DETIKMERDEKA – Langkah Presiden Prabowo Subianto yang memboyong Menteri ESDM Bahlil Lahadalia ke Moskow, Rusia, mengirimkan pesan kuat ke panggung internasional. Ini bukan sekadar kunjungan diplomatik rutin atau transaksi jual-beli minyak mentah. Ini adalah langkah pre-emptif Indonesia dalam menyusun ulang peta jalan energi nasional demi menghindari lumpuhnya distribusi akibat krisis global.
Di balik pertemuan dengan Presiden Vladimir Putin, tersimpan misi strategis: Mengamankan jalur pasokan energi alternatif di tengah eskalasi konflik Timur Tengah yang kini mengancam urat nadi logistik dunia.
Ancaman Selat Hormuz: Saat Uang Tak Lagi Cukup Membeli Keamanan
Selama ini, Indonesia sangat bergantung pada pasokan energi dari kawasan Timur Tengah. Namun, situasi terkini menunjukkan bahwa memiliki dana untuk membeli minyak saja tidak cukup. Masalah utamanya adalah disrupsi distribusi.
Kabar mengenai kapal tanker Pertamina yang sempat tertahan dan tidak bisa melintasi Selat Hormuz akibat ketegangan militer menjadi alarm keras bagi Jakarta. Jalur tersebut adalah kanal vital; jika tersumbat, ketersediaan energi domestik berada dalam risiko besar.
Dalam konteks inilah Rusia hadir sebagai opsi penyelamat. Rusia bukan hanya pemilik cadangan energi raksasa, tetapi juga menawarkan jalur distribusi yang relatif lebih aman dari gangguan geopolitik yang saat ini mencekik kawasan Teluk.
Diplomasi Energi Era Prabowo: Dari Transaksional ke Strategis
Kunjungan Bahlil Lahadalia ke Moskow menandai pergeseran paradigma dalam kebijakan luar negeri Indonesia. Di bawah arahan Prabowo, energi kini diletakkan sebagai jantung dari keamanan nasional (national security).

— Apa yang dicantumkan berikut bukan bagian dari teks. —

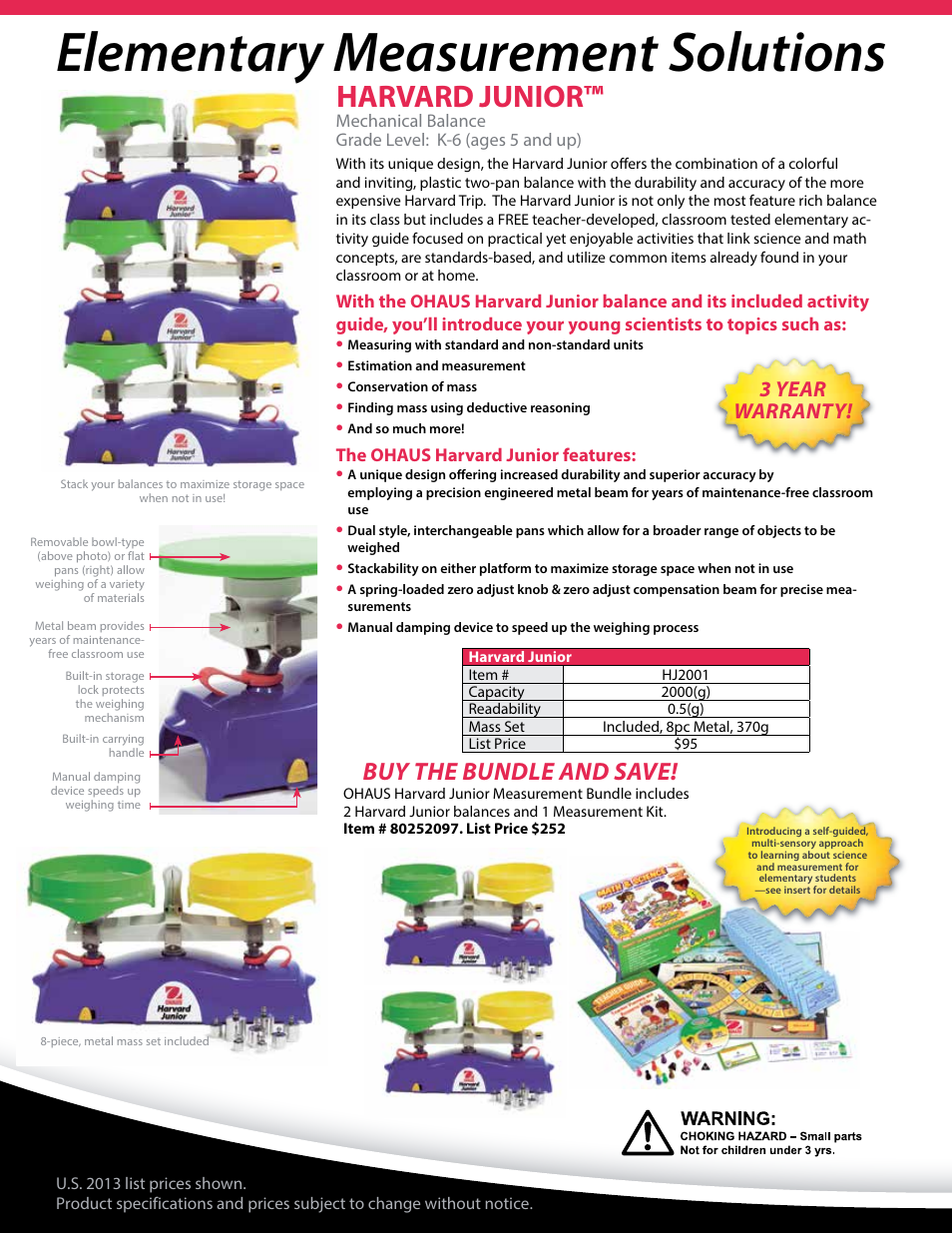 Elementary measurement solutions, Harvard junior, Buy the bundle and save | 3 year warranty | Ohaus Education Market Brochure User Manual | Page 2 / 16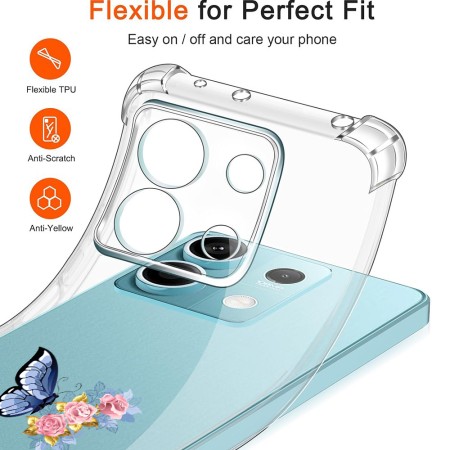 Husa Antisoc pentru Xiaomi Redmi Note 14S - AirBag TPU, Colțuri Ranforsate- Butterfly Albastru 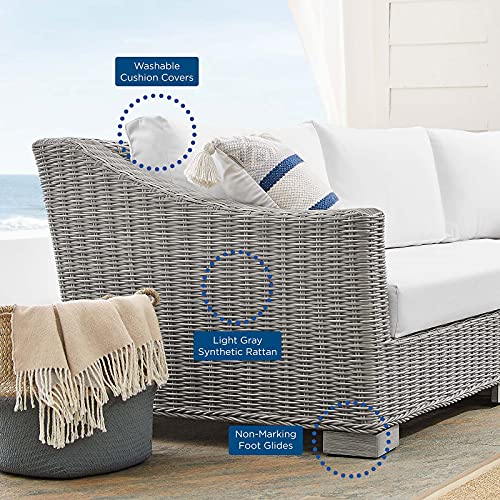 America Luxury - Outdoor Lounge Sofa Chair Table Set Rattan Wicker Modern White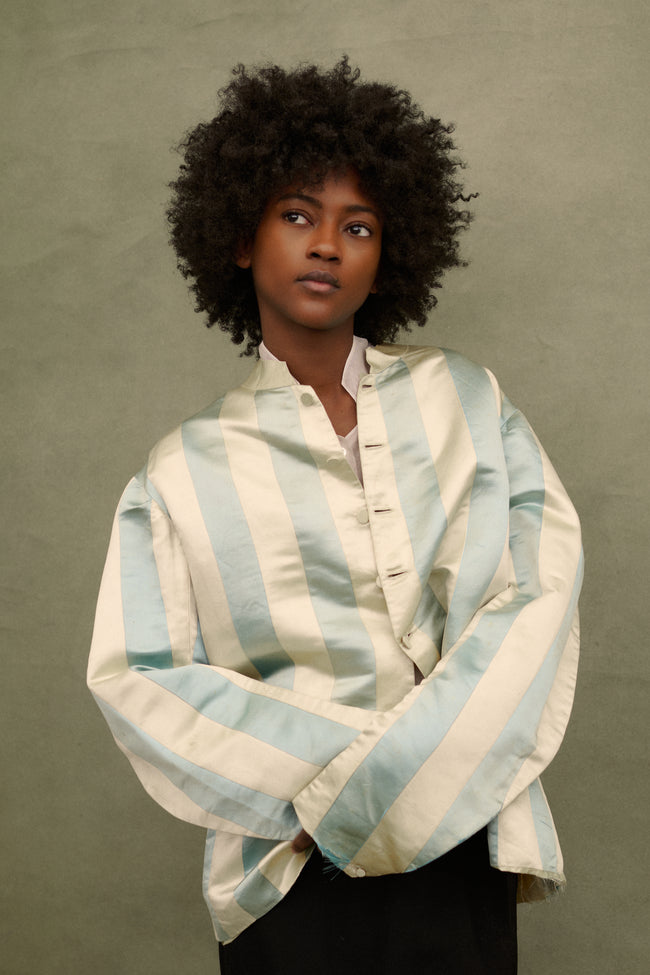 Antique Silk Stripe Shirt - Desert Vintage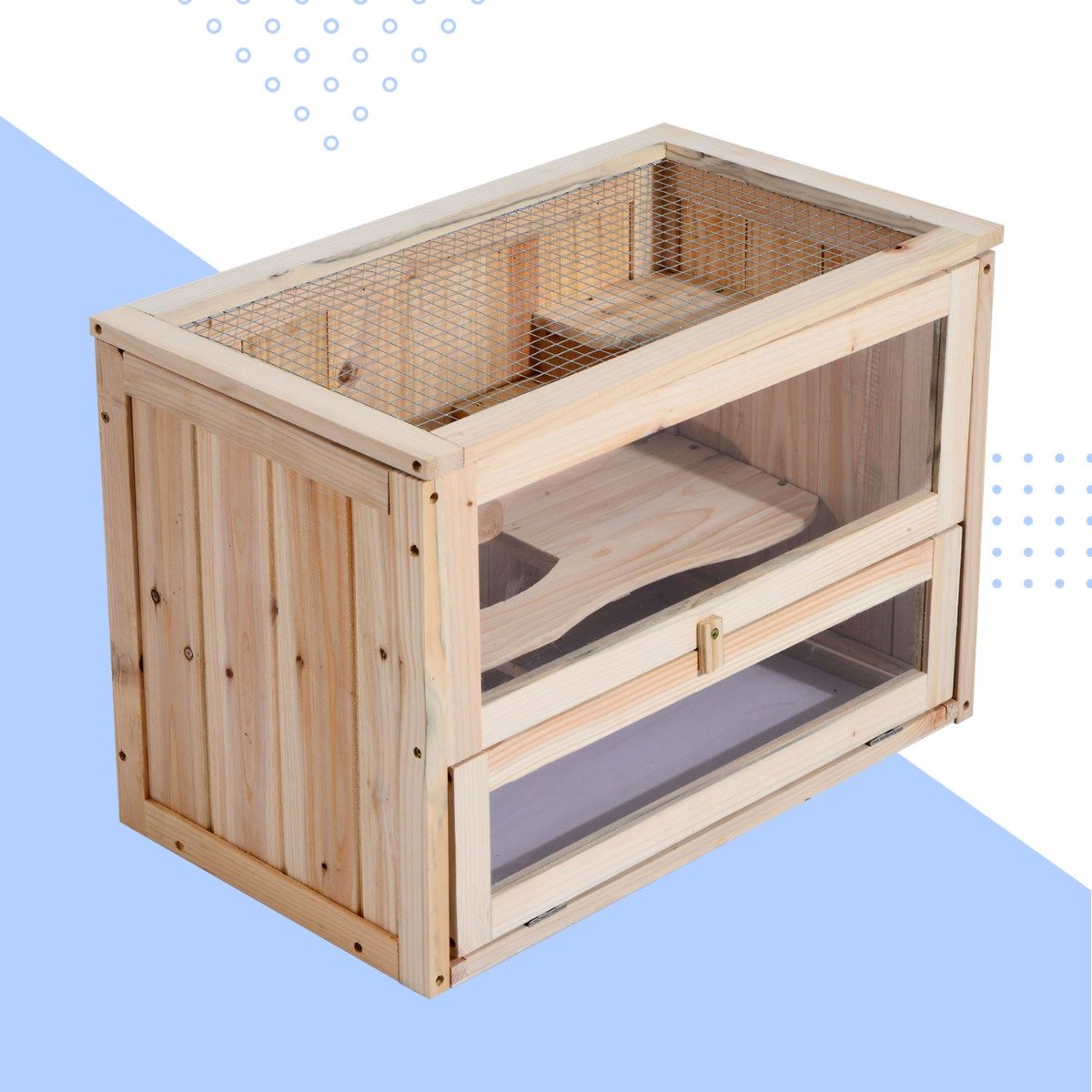 easycomfort easycomfort gabbia per criceti e piccoli roditori in legno di abete 60x35x42cm ean 8054111844581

Setidaknya ada tiga poin utama dalam pergeseran strategi ini:
Diversifikasi Radikal: Mengakhiri ketergantungan tunggal pada satu kawasan (Timur Tengah) untuk meminimalisir risiko sistemik.

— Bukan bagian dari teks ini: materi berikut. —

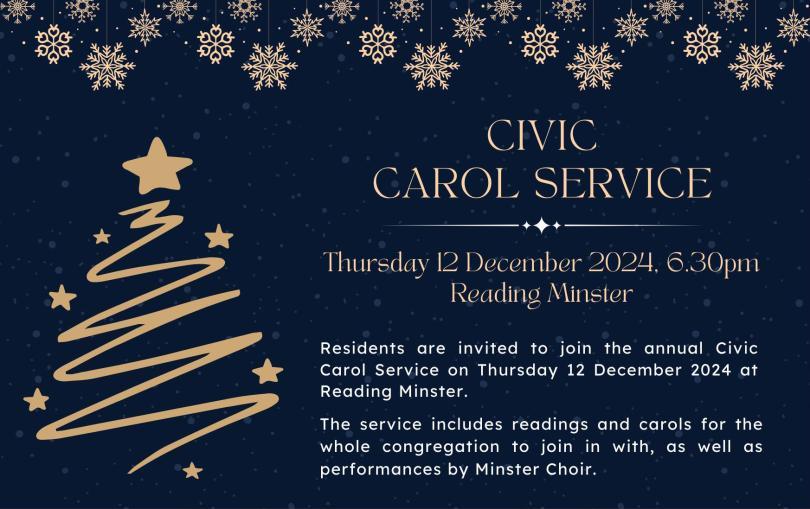 blue and gold logo featuring a scribbled image of a Christmas tree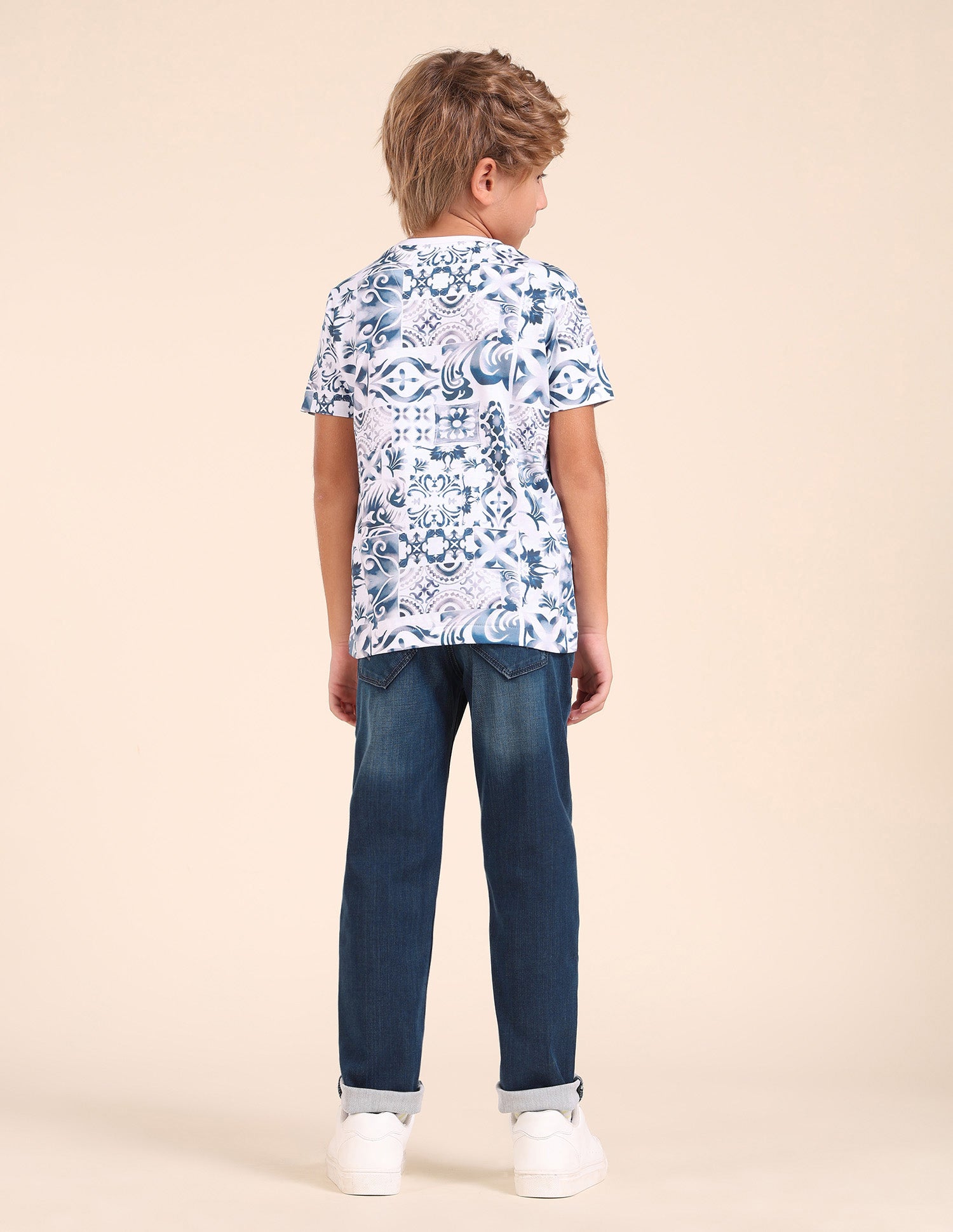 Boys Regular Fit All-Over Printed T-Shirt White - U.S. POLO ASSN. | Large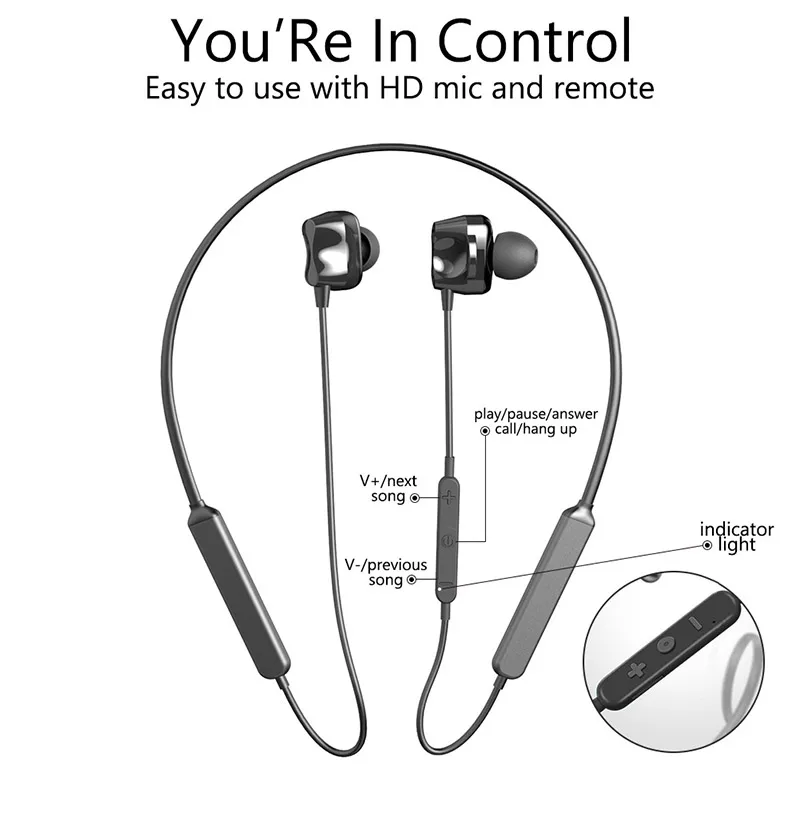 Tourya S7, беспроводные наушники, Bluetooth 5,0, спортивные наушники, 30 H, время воспроизведения, четыре привода, гарнитура с шейным ремешком для телефона, спорт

Alternatif Logistik: Mencari rute pengiriman yang lebih stabil demi menjamin ketersediaan BBM di dalam negeri.
Efisiensi Fiskal: Kerja sama dengan Rusia diharapkan mampu menjaga stabilitas harga energi domestik, sekaligus mengerem pembengkakan subsidi energi yang berpotensi menyedot APBN hingga ratusan triliun rupiah.
Sinyal Non-Blok yang Agresif
Misi ke Rusia ini juga mempertegas gaya diplomasi “Indonesia Baru”: agresif, langsung, dan sangat pragmatis dalam memperjuangkan kepentingan rakyat. Indonesia memposisikan diri sebagai pemain yang cerdas—tidak memihak dalam blok politik, namun sangat aktif dalam mengamankan kebutuhan perut dan industri nasional.

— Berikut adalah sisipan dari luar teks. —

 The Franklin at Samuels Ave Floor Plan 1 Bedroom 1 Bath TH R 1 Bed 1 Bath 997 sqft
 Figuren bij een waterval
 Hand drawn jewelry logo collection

Menteri ESDM Bahlil Lahadalia menegaskan bahwa kehadiran pemerintah di Rusia adalah upaya memastikan bahwa “dapur” Indonesia tetap mengepul meski dunia sedang tidak baik-baik saja.
Re-desain Peta Energi Nasional
Kunjungan ke Rusia adalah bagian dari desain besar kedaulatan energi. Indonesia tidak lagi sekadar menjadi penonton atau pembeli pasif di pasar global. Melalui kolaborasi strategis dengan Moskow, Indonesia sedang:
Mengamankan stok nasional dari ancaman kelangkaan.
Membuka blok kerja sama baru yang lebih kompetitif.
Memperkuat posisi tawar (bargaining power) di mata dunia.
Di tengah ketidakpastian global, Indonesia di bawah kepemimpinan Prabowo-Gibran memilih untuk tidak menunggu badai reda, melainkan aktif mengatur ulang arah angin energinya sendiri.